_EXERCISE DIRECTIONS:_ Could you retype the lines below, starting at the line holding "Beige coat with printed sleeves" and stopping at the line holding "Cast bronze walking", inclusive? Copy them exactly and drop the images.

_DATA SHOWN:_
----

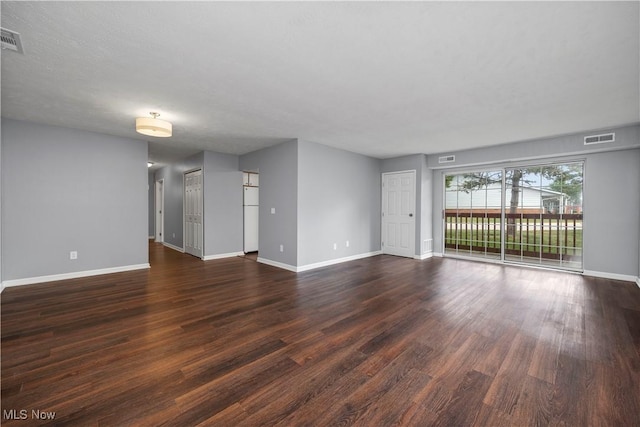 27087 Oakwood Cir Unit 102Y, Olmsted Twp, OH 44138 - spare room featuring baseboards and dark wood-type flooring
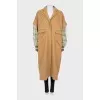 Beige coat with printed sleeves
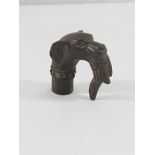 Cast bronze walking stick handle in form of dog with bard in mouth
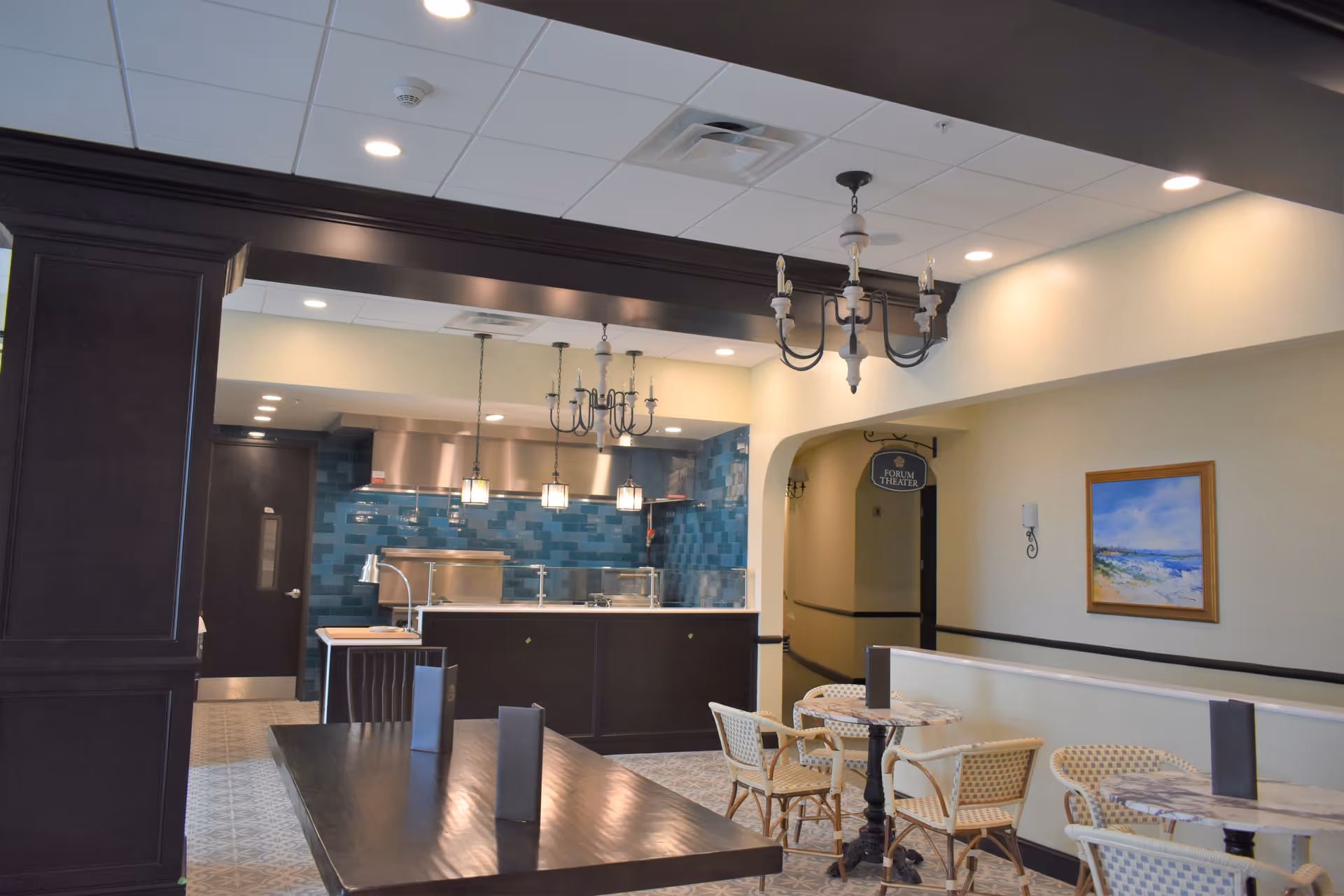 Interior view of a dining area in a senior living facility featuring a long dark wooden table with menus, smaller round tables with wicker chairs, a kitchen area with blue tiled backsplash and stainless steel appliances, chandeliers hanging from the ceiling, and a hallway with a sign for the Forum Theater.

----

_RESPONSE TO THIS TASK:_
 Beige coat with printed sleeves
 Cast bronze walking stick handle in form of dog with bard in mouth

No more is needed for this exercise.